The most disliked Thanksgiving foods

16 thoughts on “The most disliked Thanksgiving foods”

    1. To me sweet potatoes are a vegetable, a starch, a kind of potato. Something that calls for butter and salt and pepper. They aren’t really something you put marshmallows on.

  1. I can do without stuffing and green bean casserole, but I love pumpkin pie and turkey (especially dark meat), Add in sweet potatoes and real mashed potatoes, and that’s enough for me. I agree we all overeat, and a good tossed salad would be a nice change.. Pied, you can have all the pecan pie as far as I am concerned. That is, except for the lemon pecan pie I have tasted. It is delicious, and not nearly as over-the-top sweet as pecan pie. ~nan

    1. Mmm, lemon pecan sounds interesting. I’ve never come across it, but it would certainly get my attention on a menu or in a bakery. I confess, however, that I’ll take pecans in whatever form is available.

      Gee, am I going to have to fight everybody for the dark meat?

  2. Now i’m hungry! Our traditional family meal was turkey, white bread dressing (vice cornbread), lots of gravy, homemade cranberries, homemade noodles, mashed potatoes, green beans cooked w/bacon & onion, ambrosia salad, homemade cloverleaf rolls w/butter, celery sticks, mini sweet pickles, deviled eggs, pimento stuffed olives, spiced peaches, and dessert pumpkin and pecan pie with freshly whipped cream. When my mom took over, we lost noodles, green beans, ambrosia salad, the celery, olives, etc., and pecan pie & went to cannedcranberries. When i took over, reduced it to turkey parts (legs and thighs only), baked sweet potatoes or acorn squash, bakery yeast rolls, calico vegetables (diced carrots, corn, green peas, diced onion & pimiento in a vinaigrette dressing), and pumpkin pie w/ cool whip. This year thinking of instant pot turkey thigh, baking a sweet potato & buying a slice of peach pie… or maybe a frozen Marie Callender turkey dinner. (Hershey will have Friskies turkey shreds in gravy) Was going home, but safer to stay put again this year!

    1. My mom used to make white bread dressing; I remember bread spread out to dry on the kitchen counters. And she made the cranberry sauce, which sometimes didn’t gel. But she insisted anyway. Your green beans with bacon and onion sound delicious, and also the homemade rolls, which we also had. I haven’t had ambrosia in many years, and yum! Spiced peaches! Love ’em. We used to always have them with “blond brownies” which I think must have been butterscotch, but I haven’t seen the box mix in years. Those calico veggies sound really good. And yes, I love peach pie too. Or tart cherry, which I found at King Soopers on rare occasions back before Covid.

  3. The following is for the countless people planet-wide for whom there’s nothing to be thankful on Thanksgiving Day—nor any other day of the year, for that matter—COVID-19 crisis or not …

    GRACE
    Pass me the holiday turkey, peas / and the delicious stuffing flanked / by buttered potatoes with
    gravy / since I’ve said grace with plenty ease / for the good food received I’ve thanked / my Maker who’s found me worthy. // It seems that unlike the many of those / in the unlucky Third World nation / I’ve been found by God deserving / to not have to endure the awful woes / and the stomach wrenching starvation / suffered by them with no dinner serving. // Therefore hand over to me the corn / the cranberry sauce, fresh baked bread / since for my grub I’ve praised the Lord / yet I need not hear about those born / whose meal I’ve been granted instead / as they receive / naught of the grand hoard.

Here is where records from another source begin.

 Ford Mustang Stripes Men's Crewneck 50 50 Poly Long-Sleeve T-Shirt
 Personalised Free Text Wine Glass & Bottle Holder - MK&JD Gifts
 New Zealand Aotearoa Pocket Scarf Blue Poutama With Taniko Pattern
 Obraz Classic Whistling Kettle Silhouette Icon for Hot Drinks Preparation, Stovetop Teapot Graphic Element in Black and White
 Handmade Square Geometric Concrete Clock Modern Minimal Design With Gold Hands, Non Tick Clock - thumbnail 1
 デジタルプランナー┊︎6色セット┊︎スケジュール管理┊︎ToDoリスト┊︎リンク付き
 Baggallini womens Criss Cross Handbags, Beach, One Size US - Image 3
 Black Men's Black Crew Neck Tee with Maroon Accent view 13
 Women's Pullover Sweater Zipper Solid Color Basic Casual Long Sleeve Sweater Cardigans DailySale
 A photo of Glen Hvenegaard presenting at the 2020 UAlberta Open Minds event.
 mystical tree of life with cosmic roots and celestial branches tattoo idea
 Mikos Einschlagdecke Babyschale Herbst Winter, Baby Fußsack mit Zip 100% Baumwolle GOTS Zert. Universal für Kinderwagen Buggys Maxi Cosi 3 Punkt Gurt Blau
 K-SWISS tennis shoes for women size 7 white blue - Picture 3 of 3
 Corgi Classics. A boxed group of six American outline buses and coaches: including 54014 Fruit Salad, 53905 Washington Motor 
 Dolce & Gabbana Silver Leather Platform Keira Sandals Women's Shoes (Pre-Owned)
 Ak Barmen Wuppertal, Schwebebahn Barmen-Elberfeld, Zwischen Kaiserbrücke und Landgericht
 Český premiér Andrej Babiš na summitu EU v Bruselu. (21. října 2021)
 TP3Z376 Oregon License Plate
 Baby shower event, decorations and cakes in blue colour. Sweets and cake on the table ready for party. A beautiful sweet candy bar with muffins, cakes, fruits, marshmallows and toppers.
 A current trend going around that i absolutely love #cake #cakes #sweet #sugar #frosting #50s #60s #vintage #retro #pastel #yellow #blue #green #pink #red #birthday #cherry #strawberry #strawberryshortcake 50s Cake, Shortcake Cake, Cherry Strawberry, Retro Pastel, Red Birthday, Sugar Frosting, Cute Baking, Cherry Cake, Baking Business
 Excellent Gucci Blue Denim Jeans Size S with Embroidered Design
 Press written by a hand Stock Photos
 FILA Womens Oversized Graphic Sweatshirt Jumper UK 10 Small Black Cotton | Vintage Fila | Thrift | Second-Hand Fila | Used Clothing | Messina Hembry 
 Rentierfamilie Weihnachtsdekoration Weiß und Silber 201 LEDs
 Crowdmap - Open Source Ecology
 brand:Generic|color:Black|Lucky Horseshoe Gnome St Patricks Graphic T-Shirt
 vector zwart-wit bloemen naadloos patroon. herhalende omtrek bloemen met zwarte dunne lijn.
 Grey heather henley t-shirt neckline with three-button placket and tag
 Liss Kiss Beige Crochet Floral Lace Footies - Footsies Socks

      1. A believer in Christ’s unmistakable miracles, I would be quite willing to consistently say grace sincerely with every meal, if everyone on Earth—and not just a portion of the planet’s populace—had enough clean, safe drinking water and nutritional food to maintain a normal, healthy daily life; and I’d be pray-fully ‘thankful’ if every couple’s child would survive his or her serious illness rather than just a small portion of such sick children.

        1. That doesn’t sound like it should be so hard to achieve … and yet it is. I was so surprised and pleased a few years ago when a young relative was getting married and asked that all gifts take the form of donations to an organization that works to provide clean water to those in need in underdeveloped parts of the world. Didn’t know such a group existed.

  4. I HATE stuffing, but I loved it as a kid. Either I got burnt our on it fast or I just don’t like how my family makes it. Either way I’m creating my own stuffing recipe this year with sausage and bacon so hopefully it’s AMAZING heehee

    1. I’ve heard of sausage stuffing but have never had any. It certainly sounds good. The only variation of plain old Pepperidge Farm that I’ve fixed is adding chopped apples to it, something I learned in New England. There are so many variations, you’re bound to find one you love. Happy Turkey Day!